Whilst open-source software licences generally refer to a set of terms and conditions which stipulate end-user obligations when a component of open-source code is used in software, there are differing types which require different standards as to how they may be used and redistributed:

  • Permissive licences: these licences allow use with very few restrictions. Developers are able to modify and distribute the code on the basis that they provide attribution of the original code to the original developers
  • Copyleft licences: includes a reciprocity obligation stating that derivative works based on original code provided under a copyleft licence are released under the same terms and conditions as the original code, and that the source code containing changes must be available or provided upon request. It is these licences that commercial entities are particularly wary of, as it may require making in-house code publicly available.

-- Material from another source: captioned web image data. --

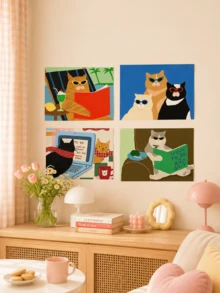 Joivida Fun Cat Print Posters, Frameless Cute Cartoon Cat Wall Decorations, Home Decorations, Party Decorations, Bohemian Wall Decorations, Aesthetic Room Decorations, Office Wall Decorations, Holiday Birthday Gifts - multicolor - View 5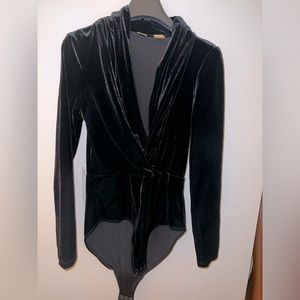 H&M Black Velour/Velvet Bodysuit, Size 8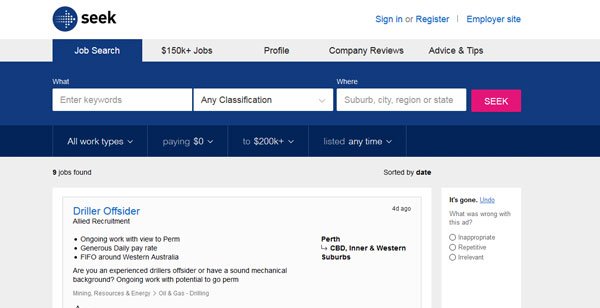 Example : Candidate's page (User) on the website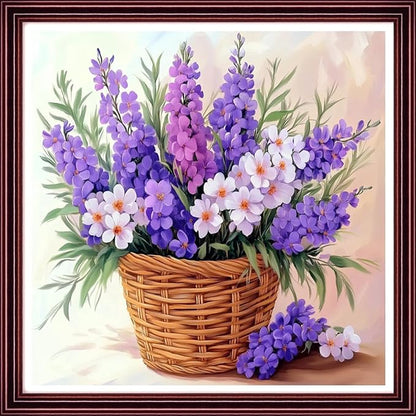 DMCCRAFT Stamped Cross Stitch Kits for Adults 11CT Printed Cross-Stitch Patterns Embroidery Kits Easy Cross Stitching Needlepoint Kits Crossstitch-Beautiful Lavender 18x18 inch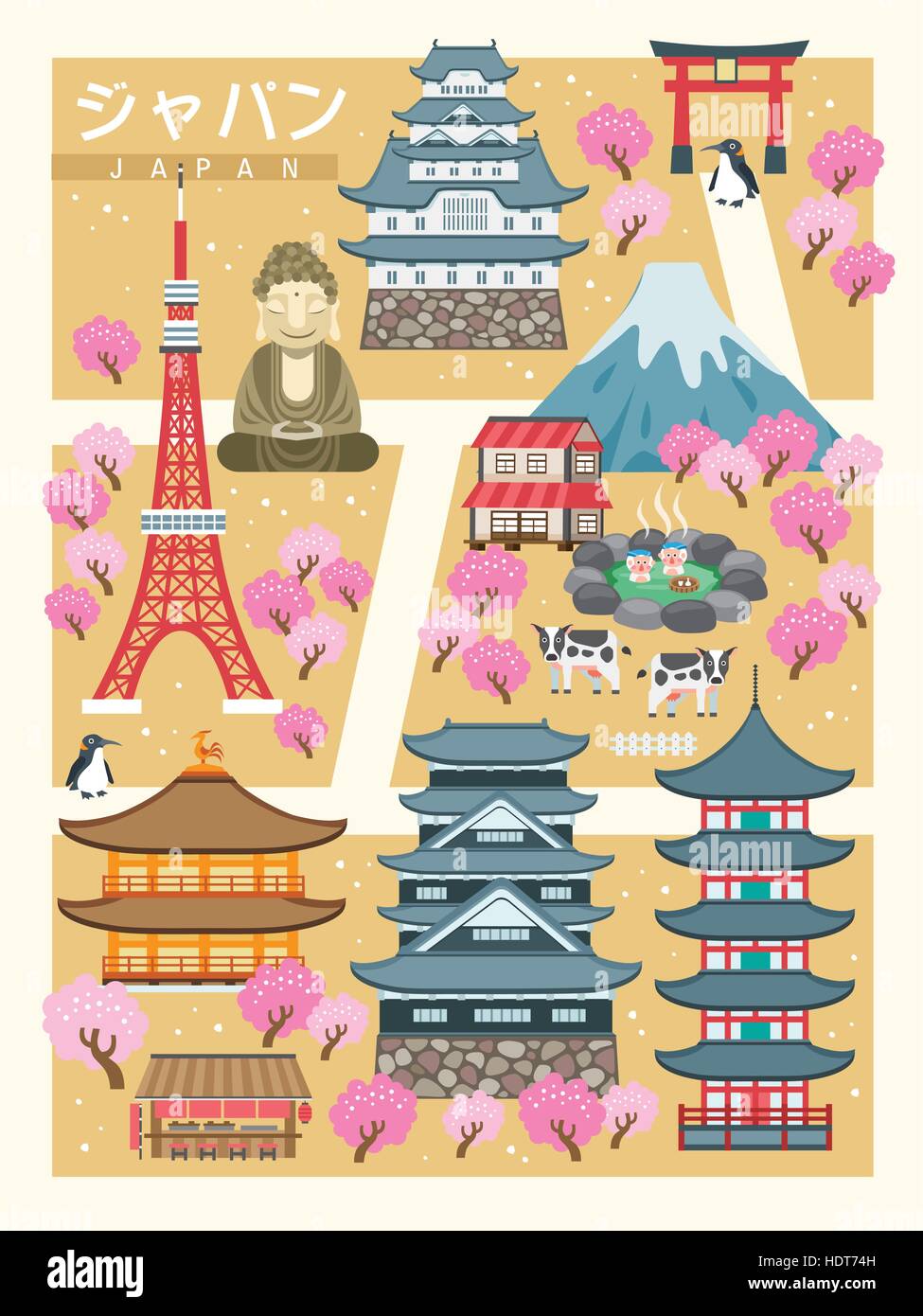 Giappone incantevoli passeggiate mappa - Giappone in parole giapponesi sulla parte superiore sinistra Illustrazione Vettoriale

Ultimately, what matters most in relation to open-source software licences, is that they require developers to provide attribution by including the original copyright notice. Given that some of these generative AI applications strips code of its licences, developers who use it are completely unaware that they may be violating licence terms. The question, then, is whether AI-assisted software development tools are inadvertently creating derivate works of copyleft-licensed code. This remains a question for the courts, and indeed there are ongoing cases in both the UK and US to this effect. Whilst the precise answer remains to be confirmed, it seems reasonable that a lot would depend on the length and comprehensiveness of the software's suggestions. The more complex and specific the suggestion, the more likely it is that it is a derivative work of copyleft-licensed code.

While there are a few players in this space, some tools have an approach to licences that means they are particularly risky when compared to other software options that are trained only on permissive licences. The latter kind also generally stick to standardised suggestions, and so are less likely to suggest code which can be traced back to a copyleft-licensed code.

Other challenges

Another problem that may arise from using these tools is that the application could copy code that has a security vulnerability and introduce it into code you are going to use. Without reviewing the code implemented by the assistive software properly, this could meaningfully impact the integrity of any code implemented by the developers.

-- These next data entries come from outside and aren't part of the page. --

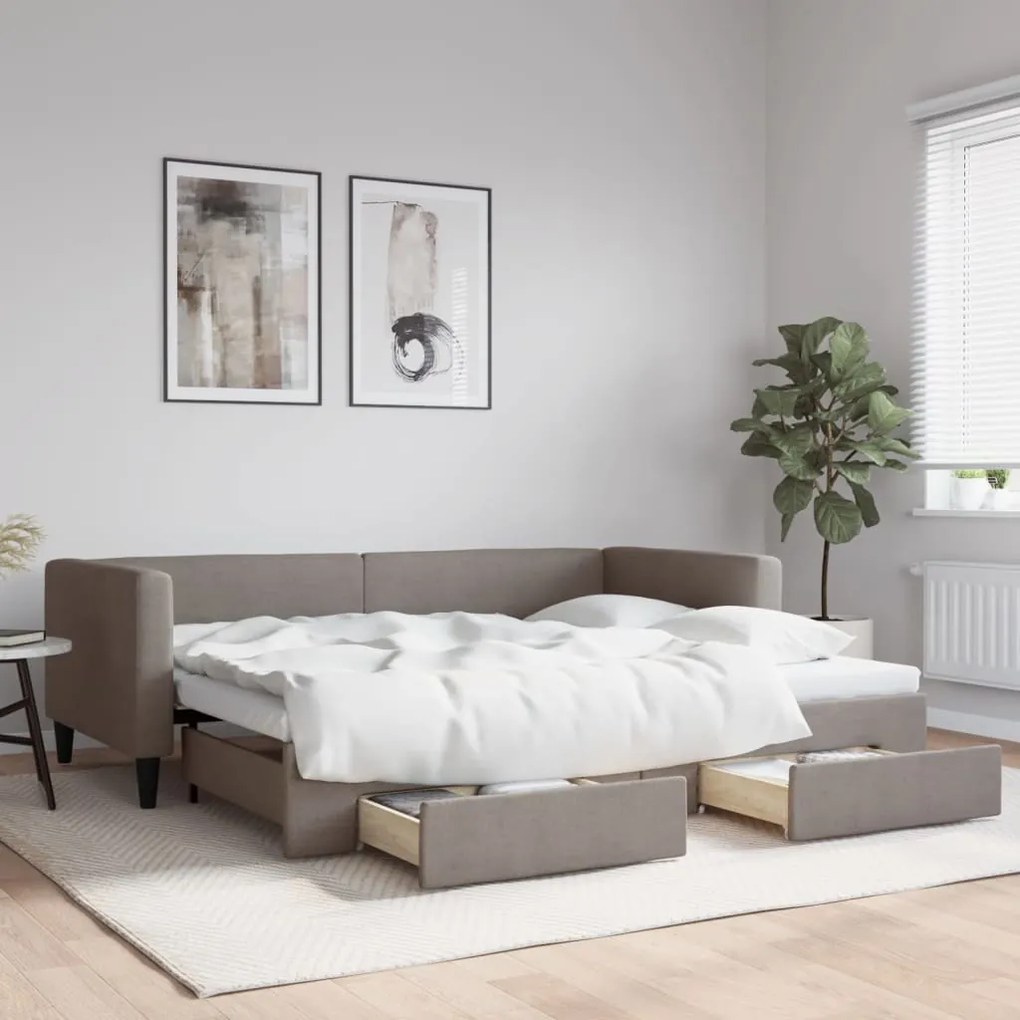 Sofá-cama c/ gavetão/gavetas 90x200 cm tecido cinza-acastanhado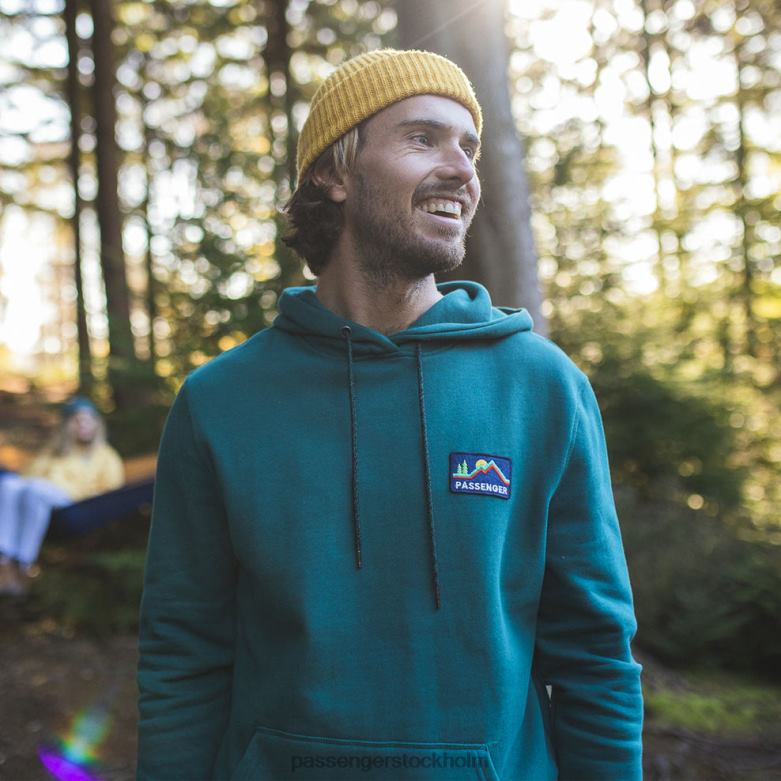 Passenger överlägsen återvunnen hoodie stormgrön D422J131 stormgrönt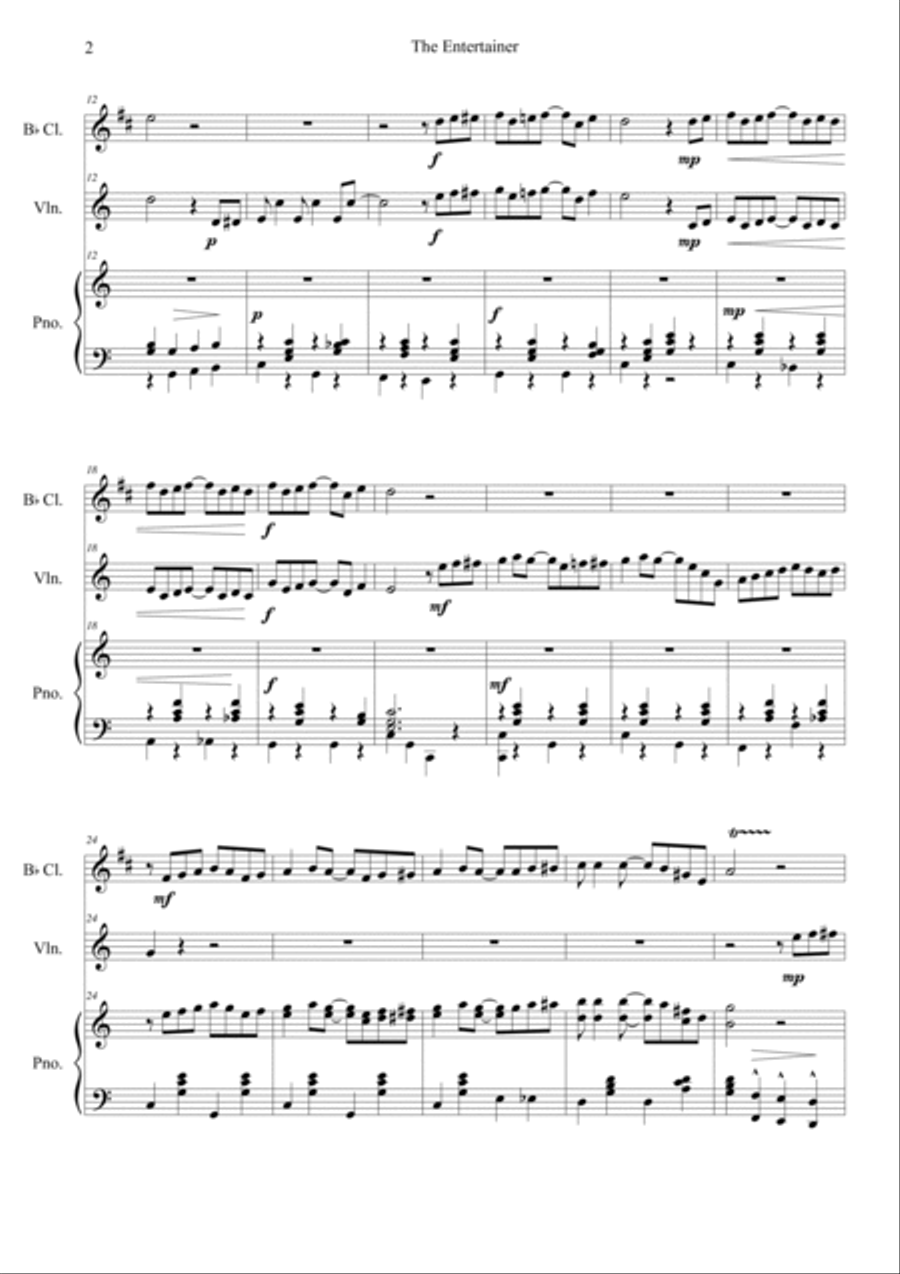 The Entertainer (The Sting OST) Short Version Clarinet scores gallery preview page 2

What’s more, the code may not work or even make sense. By design, the application predictively suggests commonly-used code, but in doing so, may produce code with common mistakes. This can result in code which is either unnecessarily imprecise, or otherwise operates improperly. 

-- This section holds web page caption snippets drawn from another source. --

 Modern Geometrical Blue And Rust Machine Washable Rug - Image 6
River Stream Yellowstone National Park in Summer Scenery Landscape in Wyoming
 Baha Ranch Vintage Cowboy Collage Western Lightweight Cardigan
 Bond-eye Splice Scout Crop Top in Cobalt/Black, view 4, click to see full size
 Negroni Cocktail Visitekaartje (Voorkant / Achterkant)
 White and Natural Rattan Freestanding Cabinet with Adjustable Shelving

Software developers can overcome some of these issues by treating the code in the same way you would treat code produced by a junior developer. The code should be labelled as AI-generated, and treated as though it was produced by an employee that requires supervision.

Solutions

Some of the solutions to the problems outlined above include setting up your application so it blocks public code suggestions and sticks to using an internal source code bank only. It’s also clear that thoroughly testing and analysing all code, as if it was produced by a junior developer, is necessary. You can also run projects through licence-checking tools that analyse code for plagiarism. Incidentally, the way to combat exuberant AI-assisted software may well be more AI.

As in all areas of business where you’re trying something new, use common sense and develop a good understanding of how it works, as well as it’s applications and risks, before you use it in a commercial operation. It’s worth remembering - any piece of suggested code that is very clearly from another source, or even has comments still attached - shouldn’t be used.